UK Manufacturing PMI Rose To Record High Level At 62.0
UK manufacturing PMI rose to survey record high at the start of 2011. Rates of expansion in UK manufacturing new orders and employment accelerated to reach levels without precedent in the nineteen-year survey history in January, leading to near-record growth in output.
However, inflationary pressures continued to build, as input costs and output prices also rose at, or near to, series record highs. At 62.0 in January, from an upwardly revised reading of 58.7 in December, the seasonally adjusted Markit/CIPS UK Manufacturing PMIï¿½ rose to a record high. The PMI has remained above the 50.0 mark throughout the past year-and-a-half.
Manufacturing production rose for the twentieth consecutive month in January, underpinned by faster inflows of incoming new work. Growth of output hit a survey record high in the consumer goods sector, but also accelerated at both capital and intermediate goods producers.
Companies reported improved demand from both domestic and overseas markets, while new product launches, successful promotional activity and client restocking also contributed to new order growth. The rate of increase in new export orders was amongst the fastest in the series history. Latest growth reflected higher sales to the US, emerging markets, Scandinavia and Australia.

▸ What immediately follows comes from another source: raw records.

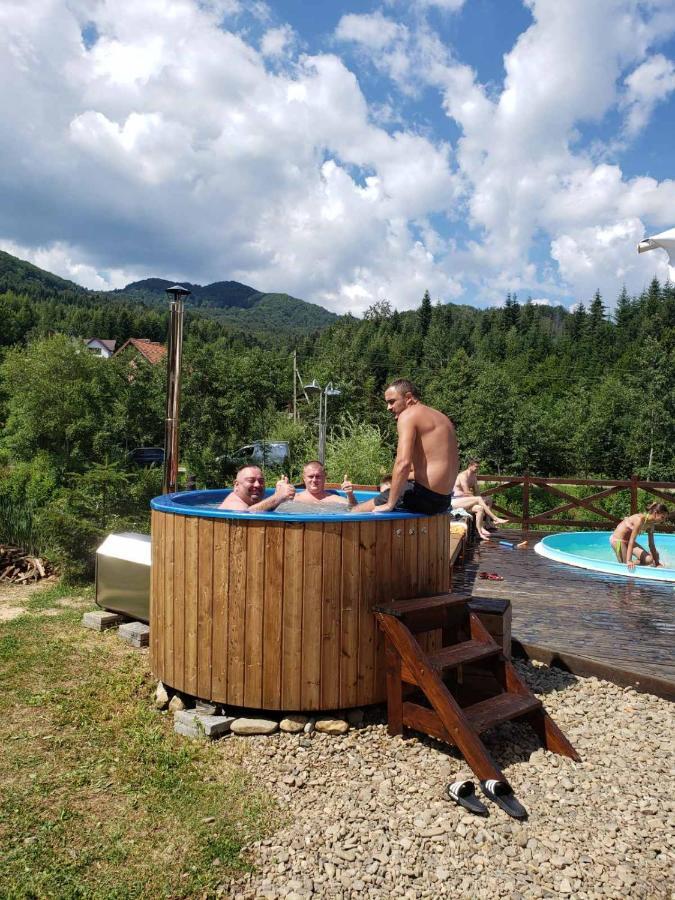 Edelweiss Carpathians Migovo Hotel Exterior photo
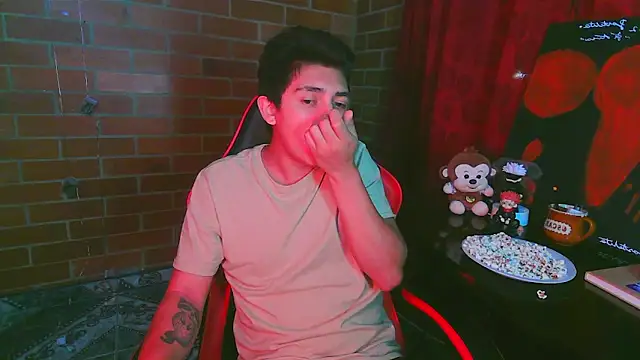 Snapshot of ethann2_ chatting on 04.02.26 ethann2 online show from 04.02.26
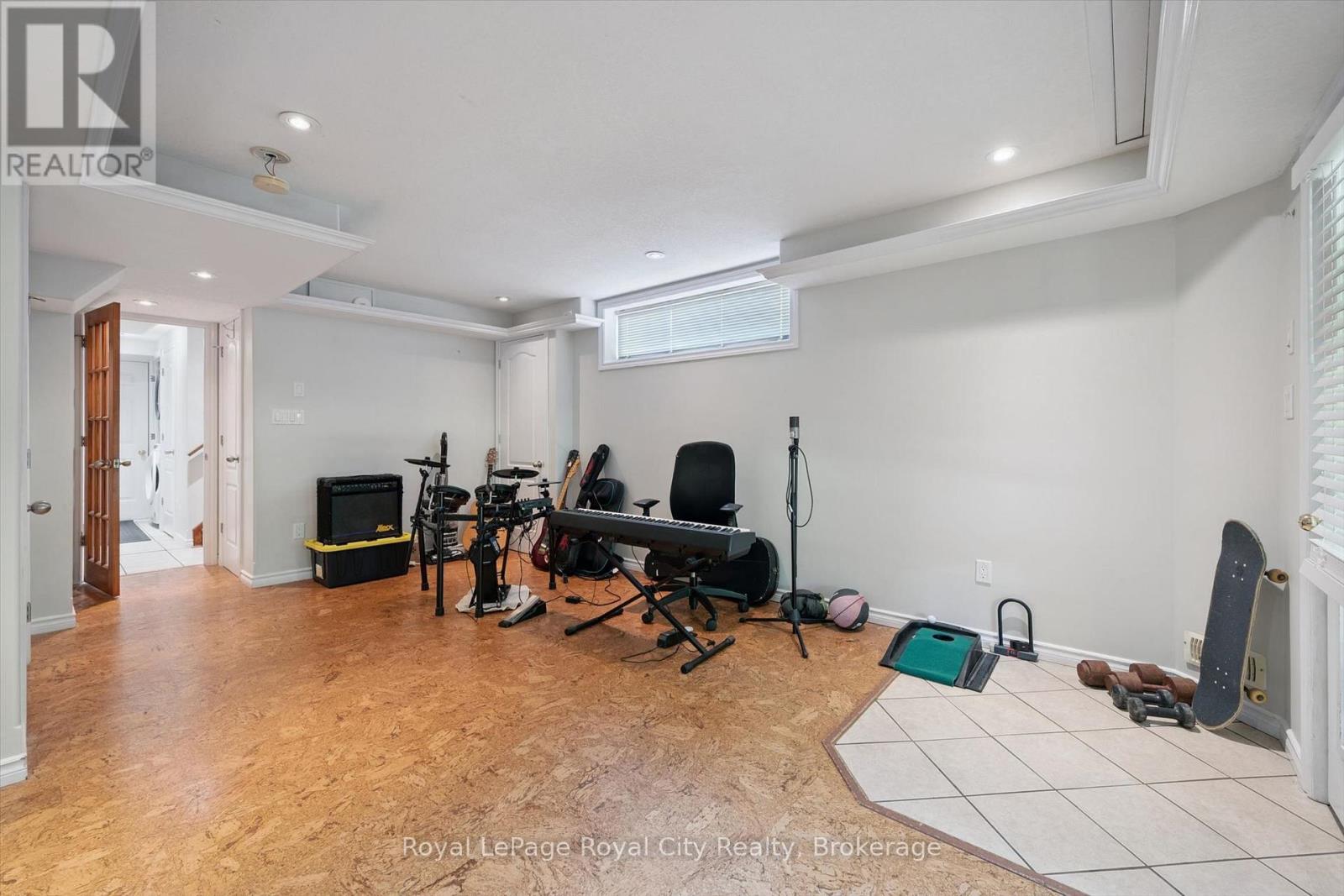 220 CARRINGTON DRIVE - 23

Manufacturing employment increased for the tenth successive month in January. Companies linked jobs growth to rising production requirements, improved market conditions, business development and the launch of new product lines. Part of the increase reflected efforts to combat rising levels of outstanding business, as backlogs accumulated for the third month in a row.
Inflationary pressures continued to build in January, with substantial increases signalled for both input costs and factory gate prices.
Average purchase prices rose at the steepest pace in the survey history, with over three-fifths of companies reporting an increase. Manufacturers indicated a vast array of inputs had risen in price, including chemicals, cotton, energy, food products, metals, packaging, paper and timber.
Average output prices rose for the fifteenth successive month in January, mainly reflecting increased input costs. This was further highlighted by the sectors reporting the steepest inflation of output prices – Chemicals & Plastics, Timber & Paper, Food & Drink and Textiles & Clothing – also seeing the sharpest increases in costs.
Rising output requirements and efforts to protect against expected future price increases led to a near survey record increase in purchasing activity. Subsequently, holdings of raw materials rose at the quickest rate since data were first collected in January 1992. Meanwhile, stronger demand for raw materials led to a marked increase in vendor lead times, as sellers markets continued for certain inputs.